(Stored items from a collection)
▬▬▬▬▬▬▬▬▬▬
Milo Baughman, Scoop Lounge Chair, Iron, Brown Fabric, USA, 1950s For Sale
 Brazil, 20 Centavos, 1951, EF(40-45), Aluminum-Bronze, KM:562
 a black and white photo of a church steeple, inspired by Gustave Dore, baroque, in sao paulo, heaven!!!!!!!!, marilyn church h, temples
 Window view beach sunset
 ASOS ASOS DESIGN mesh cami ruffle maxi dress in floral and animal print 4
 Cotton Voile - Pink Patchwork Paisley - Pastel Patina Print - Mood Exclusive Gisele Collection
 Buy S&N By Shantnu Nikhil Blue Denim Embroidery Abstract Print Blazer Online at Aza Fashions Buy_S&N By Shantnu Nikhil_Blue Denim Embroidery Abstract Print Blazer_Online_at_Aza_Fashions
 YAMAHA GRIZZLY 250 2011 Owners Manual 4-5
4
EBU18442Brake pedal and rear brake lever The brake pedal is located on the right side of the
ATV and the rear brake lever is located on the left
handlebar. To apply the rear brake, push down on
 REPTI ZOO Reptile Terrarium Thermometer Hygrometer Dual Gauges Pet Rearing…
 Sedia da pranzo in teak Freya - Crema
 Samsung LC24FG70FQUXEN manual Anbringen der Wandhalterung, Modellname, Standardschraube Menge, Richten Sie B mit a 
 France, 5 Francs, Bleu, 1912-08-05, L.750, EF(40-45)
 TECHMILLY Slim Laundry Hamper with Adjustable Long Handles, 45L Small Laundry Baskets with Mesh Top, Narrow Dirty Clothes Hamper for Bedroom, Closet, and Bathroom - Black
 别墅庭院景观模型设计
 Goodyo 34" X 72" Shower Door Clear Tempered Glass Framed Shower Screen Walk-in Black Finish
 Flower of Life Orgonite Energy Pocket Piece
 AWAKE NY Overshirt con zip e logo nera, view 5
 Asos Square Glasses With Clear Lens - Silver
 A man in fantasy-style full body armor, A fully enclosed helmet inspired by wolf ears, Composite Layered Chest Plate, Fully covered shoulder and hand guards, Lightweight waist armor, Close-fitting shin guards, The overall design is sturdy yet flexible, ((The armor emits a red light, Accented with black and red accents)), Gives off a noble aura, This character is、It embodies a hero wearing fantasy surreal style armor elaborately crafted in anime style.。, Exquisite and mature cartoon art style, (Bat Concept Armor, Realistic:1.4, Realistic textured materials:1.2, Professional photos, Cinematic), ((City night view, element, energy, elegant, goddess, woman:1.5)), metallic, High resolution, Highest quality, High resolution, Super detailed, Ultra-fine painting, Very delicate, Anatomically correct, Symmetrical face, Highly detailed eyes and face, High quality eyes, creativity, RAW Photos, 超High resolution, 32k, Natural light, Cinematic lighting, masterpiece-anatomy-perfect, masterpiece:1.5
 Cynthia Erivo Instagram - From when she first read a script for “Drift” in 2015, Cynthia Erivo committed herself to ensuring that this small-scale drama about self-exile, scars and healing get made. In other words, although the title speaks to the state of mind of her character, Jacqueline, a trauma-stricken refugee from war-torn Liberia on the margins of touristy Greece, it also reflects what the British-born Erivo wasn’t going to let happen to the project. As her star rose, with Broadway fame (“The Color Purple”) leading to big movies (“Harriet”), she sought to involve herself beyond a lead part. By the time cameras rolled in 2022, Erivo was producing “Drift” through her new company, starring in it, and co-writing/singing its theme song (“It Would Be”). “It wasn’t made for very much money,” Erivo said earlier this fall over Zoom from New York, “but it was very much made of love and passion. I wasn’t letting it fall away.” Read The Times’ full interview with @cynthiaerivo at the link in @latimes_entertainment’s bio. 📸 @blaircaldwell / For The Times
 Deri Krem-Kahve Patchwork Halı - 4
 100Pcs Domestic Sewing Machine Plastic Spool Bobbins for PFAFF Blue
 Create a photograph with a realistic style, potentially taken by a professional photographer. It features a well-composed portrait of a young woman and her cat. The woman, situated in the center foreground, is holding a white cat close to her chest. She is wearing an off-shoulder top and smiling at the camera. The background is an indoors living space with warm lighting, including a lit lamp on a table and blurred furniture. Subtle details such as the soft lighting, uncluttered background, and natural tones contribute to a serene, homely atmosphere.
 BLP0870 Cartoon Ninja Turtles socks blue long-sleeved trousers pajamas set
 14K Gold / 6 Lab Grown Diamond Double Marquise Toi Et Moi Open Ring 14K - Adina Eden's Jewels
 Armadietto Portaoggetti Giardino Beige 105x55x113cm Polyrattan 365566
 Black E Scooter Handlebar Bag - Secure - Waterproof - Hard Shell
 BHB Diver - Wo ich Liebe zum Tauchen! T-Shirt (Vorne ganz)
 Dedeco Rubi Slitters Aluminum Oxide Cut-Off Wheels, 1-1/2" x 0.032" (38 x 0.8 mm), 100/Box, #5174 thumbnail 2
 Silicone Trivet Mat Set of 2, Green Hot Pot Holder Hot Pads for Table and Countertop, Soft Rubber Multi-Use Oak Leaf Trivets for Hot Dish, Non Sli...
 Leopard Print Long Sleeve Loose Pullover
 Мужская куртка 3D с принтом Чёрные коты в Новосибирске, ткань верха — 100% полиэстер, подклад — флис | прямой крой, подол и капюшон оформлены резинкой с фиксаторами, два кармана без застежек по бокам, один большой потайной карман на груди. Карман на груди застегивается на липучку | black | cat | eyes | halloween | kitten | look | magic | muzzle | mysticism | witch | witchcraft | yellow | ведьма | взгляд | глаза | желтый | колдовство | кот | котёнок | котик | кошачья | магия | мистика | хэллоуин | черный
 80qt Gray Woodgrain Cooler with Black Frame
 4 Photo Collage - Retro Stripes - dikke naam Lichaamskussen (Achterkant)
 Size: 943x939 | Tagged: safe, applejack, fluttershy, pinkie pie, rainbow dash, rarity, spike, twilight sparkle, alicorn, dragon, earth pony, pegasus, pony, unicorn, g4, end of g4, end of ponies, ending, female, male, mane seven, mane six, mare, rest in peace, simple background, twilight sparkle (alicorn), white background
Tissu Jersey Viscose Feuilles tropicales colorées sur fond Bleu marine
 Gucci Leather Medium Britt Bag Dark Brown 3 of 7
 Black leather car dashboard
▬▬▬▬▬▬▬▬▬▬
__YOUR OBJECTIVE__
Within the entries above, find each line where "lever" appears; copy every one.

__SOLUTION FOR THIS EXERCISE__
EBU18442Brake pedal and rear brake lever The brake pedal is located on the right side of the
ATV and the rear brake lever is located on the left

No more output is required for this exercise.